I want to report the error in S as S ± error.
I have checked several online resources. I found many equations of how the error of propagation is derived but I couldn't find a specific equation that help me estimate the error in S based on the errors of A and B?
I'll highly appreciate any suggestion what is the equation I should use to estimate the error in S based on its two components A and B?
UPDATE
In this webpage about propagation of errors.

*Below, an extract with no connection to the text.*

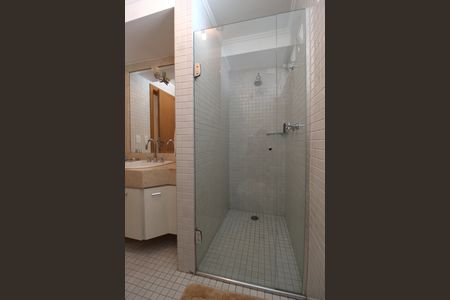 Apartamento à venda com 227m², 4 quartos e 2 vagasBanheiro Social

https://www.lhup.edu/~dsimanek/scenario/errorman/propagat.htm
In 3.5 Examples
Example no (2) below is similar to my case but not the same. First, my question is about 2 variables only A and B. In addition, there is subtraction in the nominator in my case not summation. Yet, they have not estimated the correlation between the three parameters G , H and Z.

A quantity Q is calculated from the law:
Q = (G+H)/Z,
and the data is:
G = 20 ± 0.5
H = 16 ± 0.5
z = 106 ± 1.0

 A: You should be able to get at this by using the delta method. I've made a post here: estimation of population ratio using delta method
about the delta method on a ratio which you can use the argument to give you exactly what you need. The final result is: 
$$1-\frac{B}{A}=\frac{A-B}{A} \sim N\left(1-\frac{\mu_B}{\mu_A}, \frac{\sigma^2}{n}\right)$$ 
Here $\sigma^2 = \frac{\sigma_B^2}{n\mu_B^2} - 2\frac{\sigma_{BA}}{\mu_B^2}+\frac{\sigma^2_A\mu_B^2}{n\mu_B^4}$. As I mentioned in the comment you'll either need to estimate the covariance $\sigma_{AB}$ (equivalently the correlation $\rho$) or assume the covariance is 0. 
From the data you provided in this post and assuming a $1.96$ multiplier to get 95% confidence intervals. I get the following for the parameter estimates: 
$\mu_A =778$, $\mu_B=388$, $\sigma^2_A=15.3061^2$,$\sigma^2_B=6.1224489^2$. Then $1-\mu_B/\mu_A=0.5076$ and $\sigma^2/n =0.0004376/n$. You can then again use $1.96$ as a multiplier on the standard deviation $\sigma$ to get a 95% confidence interval for this quantity. Here in my calculation for $\sigma^2$ I'm assuming the covariance is 0.